Work task> Nothing but the lines from the one containing "Recombinant Monkeypox virus/MPXV" through the last line of the data below should be returned, each copied exactly.

[Records for this task]

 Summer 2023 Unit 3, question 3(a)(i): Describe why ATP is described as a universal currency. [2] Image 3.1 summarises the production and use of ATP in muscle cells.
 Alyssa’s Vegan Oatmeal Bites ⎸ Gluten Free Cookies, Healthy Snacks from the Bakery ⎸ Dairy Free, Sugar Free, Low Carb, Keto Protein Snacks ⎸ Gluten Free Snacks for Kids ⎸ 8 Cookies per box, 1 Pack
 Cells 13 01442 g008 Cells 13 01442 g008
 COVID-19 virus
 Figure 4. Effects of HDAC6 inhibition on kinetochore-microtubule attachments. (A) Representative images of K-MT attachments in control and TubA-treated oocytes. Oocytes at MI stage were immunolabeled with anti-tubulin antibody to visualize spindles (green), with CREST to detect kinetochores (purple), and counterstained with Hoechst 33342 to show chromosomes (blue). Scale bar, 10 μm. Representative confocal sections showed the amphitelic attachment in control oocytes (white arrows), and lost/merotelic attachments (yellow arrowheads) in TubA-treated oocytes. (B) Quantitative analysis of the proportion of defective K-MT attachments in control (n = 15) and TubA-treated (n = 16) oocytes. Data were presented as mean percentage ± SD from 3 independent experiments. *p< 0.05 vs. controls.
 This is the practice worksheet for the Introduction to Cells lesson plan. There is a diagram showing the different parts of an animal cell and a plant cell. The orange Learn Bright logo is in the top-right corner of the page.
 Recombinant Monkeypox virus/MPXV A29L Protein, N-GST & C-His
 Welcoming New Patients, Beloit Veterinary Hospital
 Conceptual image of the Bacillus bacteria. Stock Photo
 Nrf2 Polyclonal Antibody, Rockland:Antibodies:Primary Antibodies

[/Records for this task]

Response>
 Recombinant Monkeypox virus/MPXV A29L Protein, N-GST & C-His
 Welcoming New Patients, Beloit Veterinary Hospital
 Conceptual image of the Bacillus bacteria. Stock Photo
 Nrf2 Polyclonal Antibody, Rockland:Antibodies:Primary Antibodies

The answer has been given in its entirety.